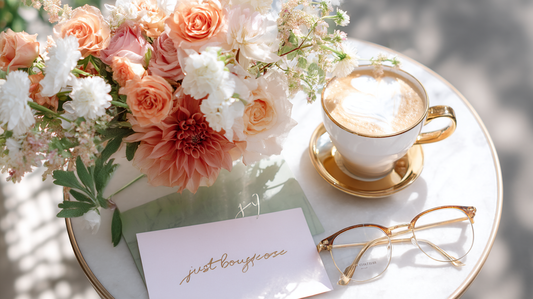 Flat lay of a luxury flower bouquet with coral roses, pink dahlias, and white lisianthus on a Walnut Creek café table next to a cappuccino and handwritten card, sunlight filtering through nearby trees.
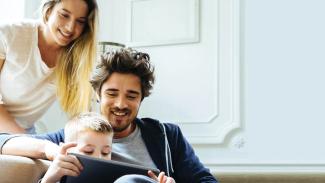 parents watching child play video games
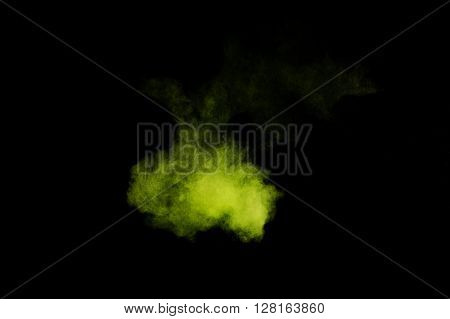 Light green powder explosion on black background. Colored powder cloud. Colorful dust explode. Paint Holi.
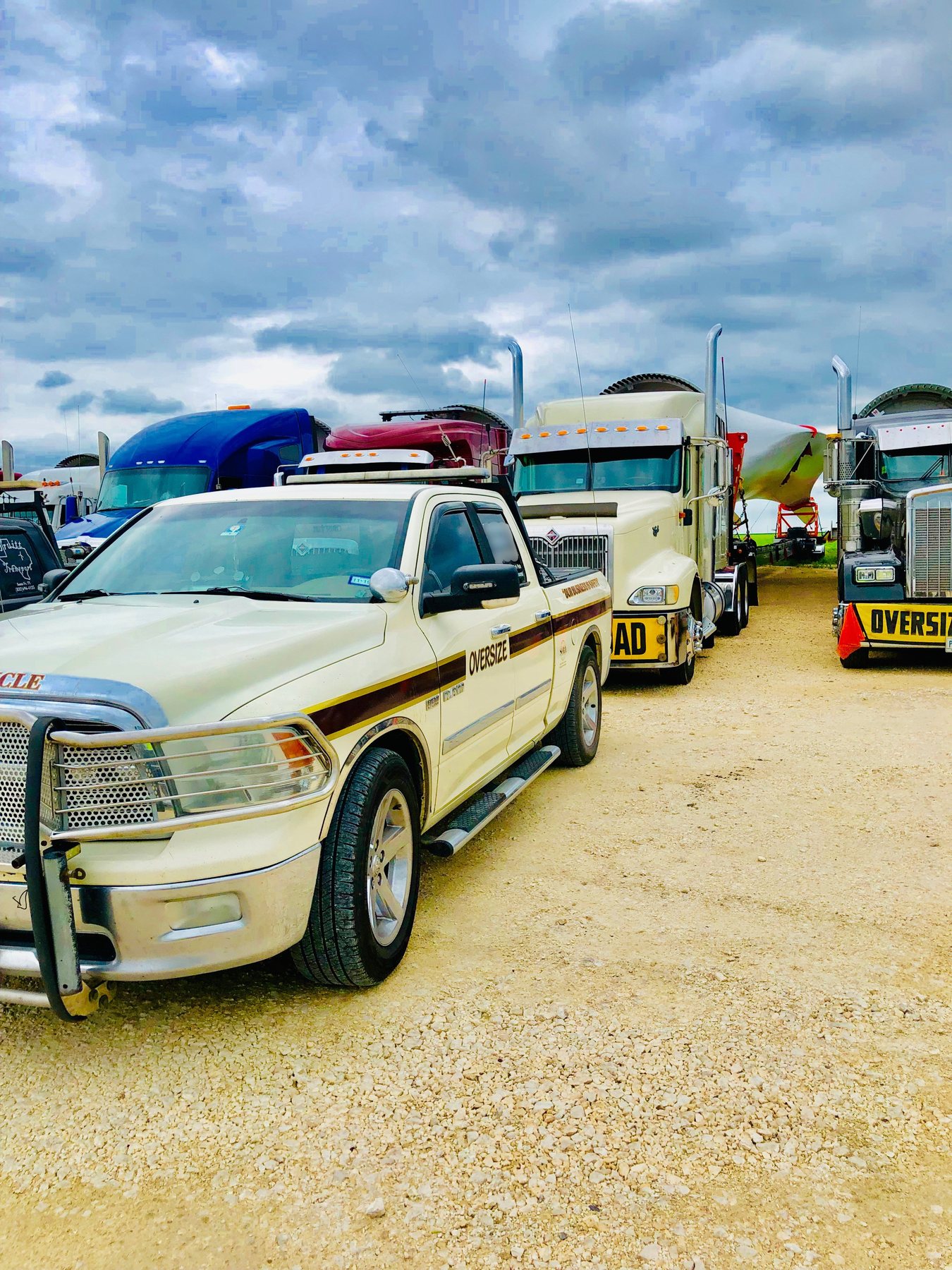Escort pickup staged with oversize tractors and a turbine blade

What to work on: Give back the listing exactly, without a single picture.

Result below:
 Flat lay of a luxury flower bouquet with coral roses, pink dahlias, and white lisianthus on a Walnut Creek café table next to a cappuccino and handwritten card, sunlight filtering through nearby trees.
 parents watching child play video games
 Light green powder explosion on black background. Colored powder cloud. Colorful dust explode. Paint Holi.
Escort pickup staged with oversize tractors and a turbine blade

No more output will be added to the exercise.